[PATCH] Fix CFLAGS overwrite by Makefile

[John Baldwin]

On Wednesday, May 25, 2011 11:34:29 am Arnaud Lacombe wrote:
> Hi,
> 
> On Wed, May 25, 2011 at 9:43 AM, John Baldwin <jhb at freebsd.org> wrote:
> >> The original trouble I met, is that building for an i586 target in a
> >> 32bits jail, on top of an amd64 system[0] (I do not have control over
> >> that setup) produces incorrect binaries. The current fix I've got is
> >> to define MACHINE_ARCH=i386 and CPUTYPE=i586. This enforces
> >> `-march=i586' to be passed to the compiler, for all except the
> >> bootloader (because it overwrites CFLAGS). With this, binaries
> >> produced works fine (ie. /bin/sh no longer SIGILL when bringing up the
> >> system). So I suspect that gcc default to i686 in this setup and
> >> corrupt all the binaries, thus the attached patch.
> >
> > Wait.  You must have something wrong in your jail if you can't do a 
buildworld
> > with CPUTYPE set to none and have it do the right thing.  You need to find
> > your root problem.  Forcing CPUCFLAGS for the boot code is a band-aid, 
it's
> > not the right solution to your problem.
> >
> Unless error of my part, I never mentioned it was using `buildworld',
> which it is not. The system uses bare calls to make(1) in the
> sys/boot/ directory.
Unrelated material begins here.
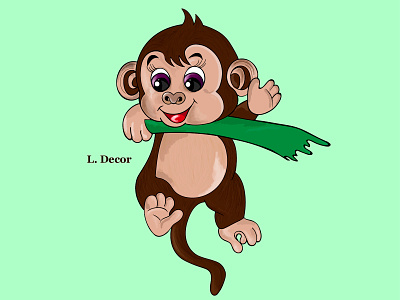 Monkey animation illustration vector web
As the jail is 32bits, it was expected not to be
> an issue, but the jail compiler uses /lib/libstand.a to link the
> loader, and it obviously contains i686-only instructions, which
> trigger a reset of an i586-only CPU.
> 
> The more broad issue with the setup is that gcc within that
> environment, without being told -march=i586, produces i686
> instructions which are incompatible with the target CPU.

Huh?  GCC does not generate i686 instructions by default on FreeBSD/i386.  It 
generates i486 instructions but that is all.  Are you sure you aren't running 
the 64-bit gcc (which will generate i686 instructions by default)?

-- 
John Baldwin